The parade route is over narrow cobblestone streets lined with parked cars, people laughing, pushing, clapping, and singing.  The roads are decorated with strings of intricately cut, colorful tissue paper picado flags.  The food vendors are everywhere, the crowds must be fed.

The Parade

We follow the lead vehicle, a Mariachi band, walking Zombies and young women dancing in brightly colored dresses. Spectators join the dancing, then filter back to the sidewalk.

The parade has its own hypnotic rhythm as it moves slowly forward.  Walkers join the parade, pushing the truck further back. The parade has many Mariachi bands and singers, each with their favorite songs.

With truck windows open, the aroma and sounds communicate the feeling of Fiesta. We consider calling for food.

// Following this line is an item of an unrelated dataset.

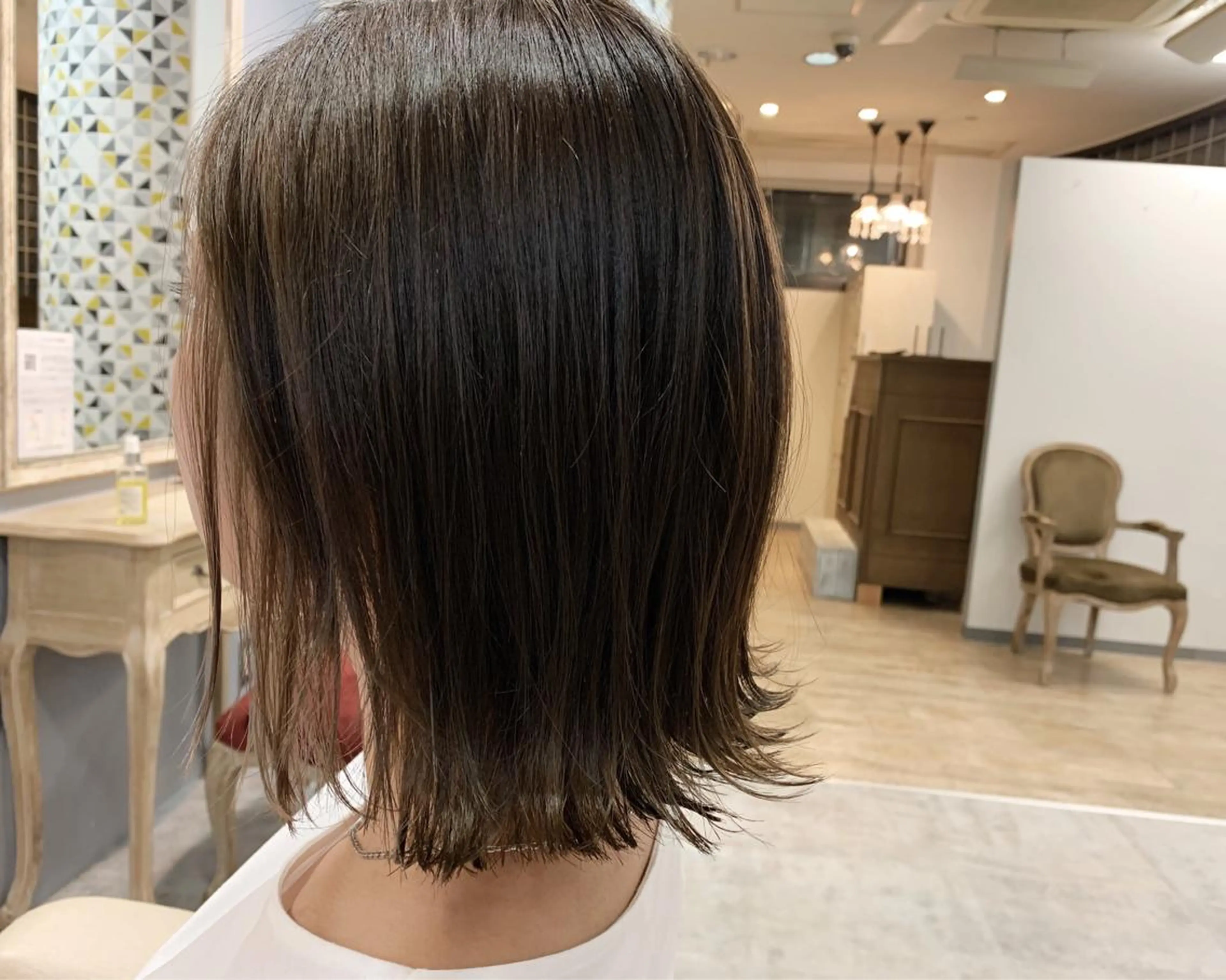 ショート カット ヘアカラー トリートメント 森 隆司のヘアスタイル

Three tier altars built for the spirits of the deceased loved ones are passed on the narrow sidewalks.  Candles flicker and picado flags flutter around the photographs.

At an altar to a grandfather, I see a cigar and tequila below his photograph. The living in this house will be rewarded with a visit from his spirit tonight.

The zombies in the bed of the truck are throwing candies for children.  The young boys dive to the road to collect candies, dangerously close to the truck. Their mothers and sisters stand back safely and wait. The family haul of candies will be shared. The men stand in groups watching, smoking, drinking.

The Square

The lead vehicle is pushing a path through the crowd towards Ajijic’s main Square.  It looks like a single living mass of humanity moving over the square and road, barely space for the trucks to pass.  We manage, with our side mirrors folded in. Then stationary surrounded by happy people.

The walkers and my passengers drift off.  We truck drivers are left, forgotten, the fiesta rules.

The Parade Masters’ happy smiling face, under his big sombrero, appears at my window.

“Muchas gracias mi amigo el desfile ha terminado” (Thank you, very much, my friend, the parade is over).

He tells me the road in front is blocked. I will have to reverse the two-hundred meters through the crowd or stay overnight and enjoy the Fiesta.

A truly incredible experience, giving a totally different view of a Fiesta parade, but now for Linda, and I, the party is over.

M&L tip of the Week.

Driving in Mexico.  When towing a trailer on a two-lane road straddle the hard shoulder white line, put your left indicator on, indicating to other traffic that they can pass.